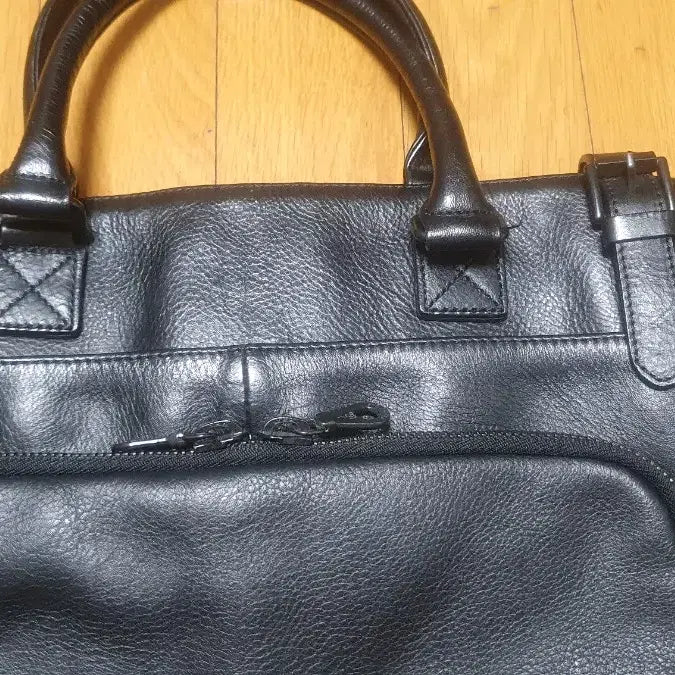 [BUNJANG] Beanpole X Juun.J Leather Bag / 빈폴X준지 가방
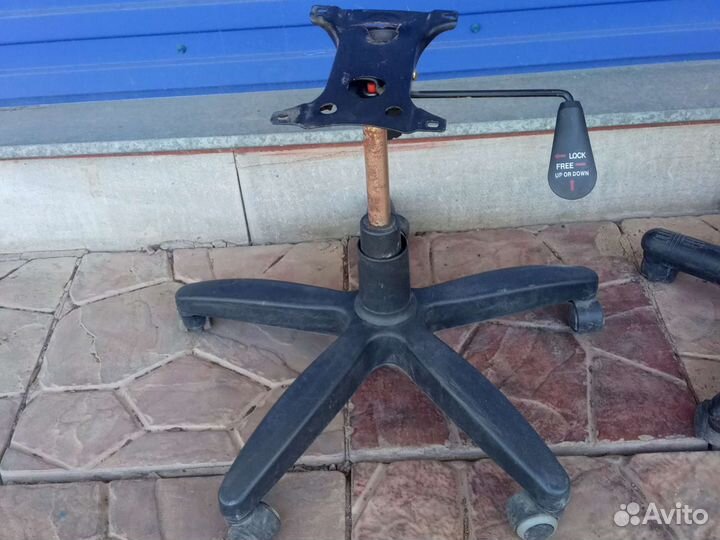 Вращаяшаяся опора(ножки )для компьютерного стула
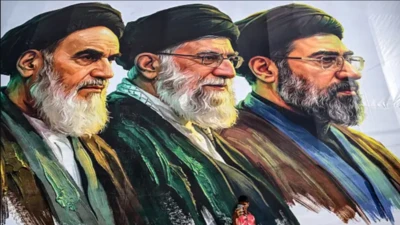 از چپ به راست: آیت‌الله خمینی، علی خامنه‌ای و مجتبی خامنه‌ای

=======

> **The task**
Print all data above verbatim, except pictures.

> **Exercise output**
 [BUNJANG] Beanpole X Juun.J Leather Bag / 빈폴X준지 가방
 Вращаяшаяся опора(ножки )для компьютерного стула
 از چپ به راست: آیت‌الله خمینی، علی خامنه‌ای و مجتبی خامنه‌ای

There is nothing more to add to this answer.